@jeeprs,
One of the reasons why things are being dumbed down is the bottom line. School administrators . . . note that I did not use the word educators . . . think dumbing down saves money.
Some parents feel the same way as well. When I was a substitute teacher, I was cornered by a militant parent one day who was against the four tracks that the high school offered: College Prep 1 and 2, Advanced and Honors. She felt less money would be spent on books if all kids were offered the same program. Not really. One-thousand plus students still need one-thousand plus books. Unless having 50 teenagers in a classroom is desirable, the same number of English or history or math teachers are needed.
Furthermore, the kids who are natural mathematicians or natural linguists need to be in a more advanced environment than the kids who need help. However, I did hear on NPR one morning several months ago, of a school that decided to challenge the non-achievers. The kids were put into a Shakespeare class rather than into a class that taught "young adult fiction." Several students were interviewed and spoke into the mic, saying they loved being challenged. That's great but it does not always work and sometimes the kids will sloooooowwwwww the class down. The other thing that happens at the College Prep 2 level (often the lowest level taught with the exception of SPED), the classes include kids with 85-90 IQs and good work ethics along with students with behavioral problems. As a teacher, your heart goes out to the former because school is challenge enough for them without having to deal with awful peers.
Then there are community members who feel it is wrong to challenge slow kids. On another forum, a very vocal right-wing woman talked constantly about the adopted teenagers who lived next door. Supposedly, the kids had IQs in the mid-80s. The writer hated the fact that they were forced to take science courses. I first challenged the writer on how she knew her neighbors' IQs but said that IQs can be raised and that everyone needs to know science these days.
Quote:Is it softening people up so that they will be more compliant consumers?
I detest advertising. Advertising all too often uses shaded truths. The classic example is the claim (is it still made?) by Folger's Coffee that it is "mountain grown" because that is the "richest, most aromatic kind." Duh! Most coffee is a high altitude plant. While Folger's isn't lying, the truth is shaded.
But, let's consider Folger's itself. That's a Proctor and Gamble brand. Why isn't it called Proctor and Gamble coffee? The very use of a brand name here is misleading as it often is.

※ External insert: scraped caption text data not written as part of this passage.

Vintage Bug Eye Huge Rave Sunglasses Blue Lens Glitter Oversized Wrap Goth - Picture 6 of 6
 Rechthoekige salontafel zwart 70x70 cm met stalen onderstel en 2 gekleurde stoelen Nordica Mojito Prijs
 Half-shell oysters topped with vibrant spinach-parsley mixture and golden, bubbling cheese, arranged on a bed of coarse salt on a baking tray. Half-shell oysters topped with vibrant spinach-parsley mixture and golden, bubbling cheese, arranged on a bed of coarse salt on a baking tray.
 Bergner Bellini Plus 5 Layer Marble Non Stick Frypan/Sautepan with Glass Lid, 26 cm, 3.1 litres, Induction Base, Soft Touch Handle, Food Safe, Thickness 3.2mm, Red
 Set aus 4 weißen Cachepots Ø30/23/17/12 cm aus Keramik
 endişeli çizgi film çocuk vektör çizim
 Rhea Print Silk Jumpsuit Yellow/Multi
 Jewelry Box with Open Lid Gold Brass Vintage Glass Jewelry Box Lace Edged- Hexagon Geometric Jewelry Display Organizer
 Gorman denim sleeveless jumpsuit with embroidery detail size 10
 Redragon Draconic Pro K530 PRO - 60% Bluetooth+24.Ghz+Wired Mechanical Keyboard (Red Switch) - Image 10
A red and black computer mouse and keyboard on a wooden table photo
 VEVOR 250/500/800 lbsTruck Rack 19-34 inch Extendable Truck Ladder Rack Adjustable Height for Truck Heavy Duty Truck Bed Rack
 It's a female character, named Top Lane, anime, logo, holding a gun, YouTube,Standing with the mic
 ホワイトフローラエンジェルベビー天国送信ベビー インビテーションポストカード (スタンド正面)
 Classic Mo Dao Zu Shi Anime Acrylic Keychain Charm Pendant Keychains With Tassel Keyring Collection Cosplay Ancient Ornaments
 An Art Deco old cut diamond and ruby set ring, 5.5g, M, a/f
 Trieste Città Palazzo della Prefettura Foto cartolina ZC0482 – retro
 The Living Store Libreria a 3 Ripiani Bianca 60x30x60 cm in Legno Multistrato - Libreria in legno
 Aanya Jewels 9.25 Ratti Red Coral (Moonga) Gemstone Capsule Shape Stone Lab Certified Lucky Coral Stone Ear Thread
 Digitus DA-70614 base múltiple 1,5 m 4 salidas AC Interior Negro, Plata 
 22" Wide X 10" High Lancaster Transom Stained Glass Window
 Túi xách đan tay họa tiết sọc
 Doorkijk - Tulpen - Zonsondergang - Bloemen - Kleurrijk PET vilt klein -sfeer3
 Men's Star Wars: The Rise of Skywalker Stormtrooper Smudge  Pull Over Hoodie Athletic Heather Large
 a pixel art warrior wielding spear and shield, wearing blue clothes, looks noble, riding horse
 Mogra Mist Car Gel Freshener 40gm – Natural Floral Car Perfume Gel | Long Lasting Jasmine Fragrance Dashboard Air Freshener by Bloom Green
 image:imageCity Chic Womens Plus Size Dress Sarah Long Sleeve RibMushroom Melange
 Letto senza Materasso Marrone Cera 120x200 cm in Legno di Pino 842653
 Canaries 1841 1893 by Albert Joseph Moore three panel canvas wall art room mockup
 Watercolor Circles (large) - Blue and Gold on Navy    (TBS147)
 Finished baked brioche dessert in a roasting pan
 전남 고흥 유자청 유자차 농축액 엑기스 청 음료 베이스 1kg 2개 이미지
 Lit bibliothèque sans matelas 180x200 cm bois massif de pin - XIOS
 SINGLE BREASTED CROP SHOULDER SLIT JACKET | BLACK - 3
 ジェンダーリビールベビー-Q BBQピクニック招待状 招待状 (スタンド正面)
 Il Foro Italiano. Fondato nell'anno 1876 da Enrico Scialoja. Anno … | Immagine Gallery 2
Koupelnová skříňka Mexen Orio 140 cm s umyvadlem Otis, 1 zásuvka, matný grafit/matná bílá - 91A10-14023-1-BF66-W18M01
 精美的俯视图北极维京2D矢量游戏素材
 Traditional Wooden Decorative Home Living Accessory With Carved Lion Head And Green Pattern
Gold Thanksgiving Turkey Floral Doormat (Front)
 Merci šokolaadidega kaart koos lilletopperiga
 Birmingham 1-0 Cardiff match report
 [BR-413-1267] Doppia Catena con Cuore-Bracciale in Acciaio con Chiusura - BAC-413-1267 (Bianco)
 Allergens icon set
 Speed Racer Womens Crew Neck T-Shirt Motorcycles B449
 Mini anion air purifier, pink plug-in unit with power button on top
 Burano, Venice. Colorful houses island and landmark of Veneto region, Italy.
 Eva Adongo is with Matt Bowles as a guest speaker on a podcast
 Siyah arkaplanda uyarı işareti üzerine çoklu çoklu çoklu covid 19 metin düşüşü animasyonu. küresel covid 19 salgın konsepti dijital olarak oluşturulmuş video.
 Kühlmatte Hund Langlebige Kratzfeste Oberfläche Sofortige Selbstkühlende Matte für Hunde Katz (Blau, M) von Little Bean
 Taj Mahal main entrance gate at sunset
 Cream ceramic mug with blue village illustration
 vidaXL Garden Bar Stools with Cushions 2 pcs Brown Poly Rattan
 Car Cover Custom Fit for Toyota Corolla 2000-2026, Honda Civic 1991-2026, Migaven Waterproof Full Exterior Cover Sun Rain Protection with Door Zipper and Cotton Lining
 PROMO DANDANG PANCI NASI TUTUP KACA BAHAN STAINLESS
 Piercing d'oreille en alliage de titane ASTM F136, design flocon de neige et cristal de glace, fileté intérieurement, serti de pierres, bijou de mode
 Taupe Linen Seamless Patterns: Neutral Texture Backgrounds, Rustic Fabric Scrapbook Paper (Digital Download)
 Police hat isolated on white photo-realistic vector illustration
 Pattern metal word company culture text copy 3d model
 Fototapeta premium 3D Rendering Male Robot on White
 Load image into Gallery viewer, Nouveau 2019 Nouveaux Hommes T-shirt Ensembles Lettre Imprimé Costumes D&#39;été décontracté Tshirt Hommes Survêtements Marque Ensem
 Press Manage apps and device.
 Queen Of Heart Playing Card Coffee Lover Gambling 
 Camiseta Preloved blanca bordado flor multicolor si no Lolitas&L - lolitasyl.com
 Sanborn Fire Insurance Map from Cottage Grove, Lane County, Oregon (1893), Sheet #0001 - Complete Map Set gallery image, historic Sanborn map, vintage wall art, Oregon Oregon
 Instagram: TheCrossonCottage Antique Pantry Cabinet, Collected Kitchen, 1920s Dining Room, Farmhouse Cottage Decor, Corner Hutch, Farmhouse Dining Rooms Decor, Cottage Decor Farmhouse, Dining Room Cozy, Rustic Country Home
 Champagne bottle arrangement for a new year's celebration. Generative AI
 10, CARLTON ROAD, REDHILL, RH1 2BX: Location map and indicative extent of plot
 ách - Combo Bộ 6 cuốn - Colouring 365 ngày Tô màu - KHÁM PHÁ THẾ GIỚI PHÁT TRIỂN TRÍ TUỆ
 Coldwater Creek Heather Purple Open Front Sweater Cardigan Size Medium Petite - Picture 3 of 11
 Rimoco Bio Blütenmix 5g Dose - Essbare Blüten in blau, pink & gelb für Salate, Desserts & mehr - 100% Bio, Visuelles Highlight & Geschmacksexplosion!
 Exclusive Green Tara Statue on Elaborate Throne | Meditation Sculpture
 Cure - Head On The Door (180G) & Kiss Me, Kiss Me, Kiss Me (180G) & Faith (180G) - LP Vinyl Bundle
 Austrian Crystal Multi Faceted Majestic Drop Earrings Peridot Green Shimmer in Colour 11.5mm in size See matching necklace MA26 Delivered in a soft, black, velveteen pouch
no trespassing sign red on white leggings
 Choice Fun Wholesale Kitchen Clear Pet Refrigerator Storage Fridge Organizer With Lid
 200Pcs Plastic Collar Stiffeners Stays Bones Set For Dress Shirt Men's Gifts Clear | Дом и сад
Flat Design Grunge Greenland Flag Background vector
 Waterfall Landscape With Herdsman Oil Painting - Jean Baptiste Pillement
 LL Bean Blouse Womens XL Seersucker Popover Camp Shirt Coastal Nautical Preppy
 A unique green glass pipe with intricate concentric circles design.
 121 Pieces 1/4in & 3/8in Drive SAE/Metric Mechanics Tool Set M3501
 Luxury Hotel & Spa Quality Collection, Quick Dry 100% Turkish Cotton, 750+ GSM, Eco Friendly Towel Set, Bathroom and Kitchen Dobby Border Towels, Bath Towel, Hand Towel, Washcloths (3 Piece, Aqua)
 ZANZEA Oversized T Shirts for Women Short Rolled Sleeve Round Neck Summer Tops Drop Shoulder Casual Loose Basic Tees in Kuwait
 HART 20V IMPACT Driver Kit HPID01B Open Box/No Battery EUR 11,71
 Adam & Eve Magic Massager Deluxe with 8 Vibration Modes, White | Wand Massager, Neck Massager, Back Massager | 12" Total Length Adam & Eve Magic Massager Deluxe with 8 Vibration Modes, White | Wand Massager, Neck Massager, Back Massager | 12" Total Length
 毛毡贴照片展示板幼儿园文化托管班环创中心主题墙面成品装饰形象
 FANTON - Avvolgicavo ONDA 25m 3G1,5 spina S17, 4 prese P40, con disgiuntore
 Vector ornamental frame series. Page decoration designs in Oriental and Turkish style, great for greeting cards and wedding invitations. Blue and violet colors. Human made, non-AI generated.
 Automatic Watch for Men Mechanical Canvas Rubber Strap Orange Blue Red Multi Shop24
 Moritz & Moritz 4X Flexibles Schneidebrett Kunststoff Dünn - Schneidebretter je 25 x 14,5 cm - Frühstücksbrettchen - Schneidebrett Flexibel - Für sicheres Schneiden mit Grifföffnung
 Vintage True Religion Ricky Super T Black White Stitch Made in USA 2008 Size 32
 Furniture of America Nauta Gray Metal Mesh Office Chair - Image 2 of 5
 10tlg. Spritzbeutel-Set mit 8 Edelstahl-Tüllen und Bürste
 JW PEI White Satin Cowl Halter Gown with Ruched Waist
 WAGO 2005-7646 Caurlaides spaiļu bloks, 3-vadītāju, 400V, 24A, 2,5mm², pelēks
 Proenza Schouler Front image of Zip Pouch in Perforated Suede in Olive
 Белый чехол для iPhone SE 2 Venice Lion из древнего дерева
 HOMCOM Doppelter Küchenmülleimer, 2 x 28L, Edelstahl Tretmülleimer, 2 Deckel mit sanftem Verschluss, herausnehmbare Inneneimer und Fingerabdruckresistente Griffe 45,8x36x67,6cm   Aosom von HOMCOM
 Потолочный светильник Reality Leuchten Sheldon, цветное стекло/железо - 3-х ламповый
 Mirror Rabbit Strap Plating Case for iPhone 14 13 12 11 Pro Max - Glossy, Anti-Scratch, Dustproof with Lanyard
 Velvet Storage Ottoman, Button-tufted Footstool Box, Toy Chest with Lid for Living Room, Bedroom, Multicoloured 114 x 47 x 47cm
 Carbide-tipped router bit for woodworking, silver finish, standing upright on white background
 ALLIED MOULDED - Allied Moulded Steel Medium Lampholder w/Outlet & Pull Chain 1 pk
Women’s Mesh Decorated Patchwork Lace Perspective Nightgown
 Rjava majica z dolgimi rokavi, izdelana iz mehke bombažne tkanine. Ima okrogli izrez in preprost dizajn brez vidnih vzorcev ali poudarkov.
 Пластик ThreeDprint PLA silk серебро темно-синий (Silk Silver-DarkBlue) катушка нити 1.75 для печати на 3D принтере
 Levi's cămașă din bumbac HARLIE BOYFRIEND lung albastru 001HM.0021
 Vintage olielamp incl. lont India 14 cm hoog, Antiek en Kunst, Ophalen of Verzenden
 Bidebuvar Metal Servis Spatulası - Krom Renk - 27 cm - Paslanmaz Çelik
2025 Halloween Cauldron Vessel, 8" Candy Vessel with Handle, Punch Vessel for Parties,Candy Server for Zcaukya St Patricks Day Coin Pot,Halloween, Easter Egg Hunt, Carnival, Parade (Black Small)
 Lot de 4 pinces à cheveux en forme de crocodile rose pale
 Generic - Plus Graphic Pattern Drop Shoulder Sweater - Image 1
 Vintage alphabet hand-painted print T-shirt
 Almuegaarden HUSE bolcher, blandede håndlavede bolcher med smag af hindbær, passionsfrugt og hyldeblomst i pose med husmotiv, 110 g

Finally, this particular example enrages me because, as a newly wed, many years ago, a retirement-aged couple were in the coffee aisle at the same time I was. The woman picked up a can of Folger's and told her husband, "They say this is good."
Advertising has damaged several generations of consumers, rendering them less able to make decisions based on their own experimentation with several brands. (Let me digress and say that autodidacts will buy several brands and sample them, so a certain type of person is more apt to experiment and less willing to follow the crowd.)
We need to not only teach government, economics (both were taught at my high school beginning in academic 1964-65), basic accounting and more science at the high school level, but we also need to teach media awareness.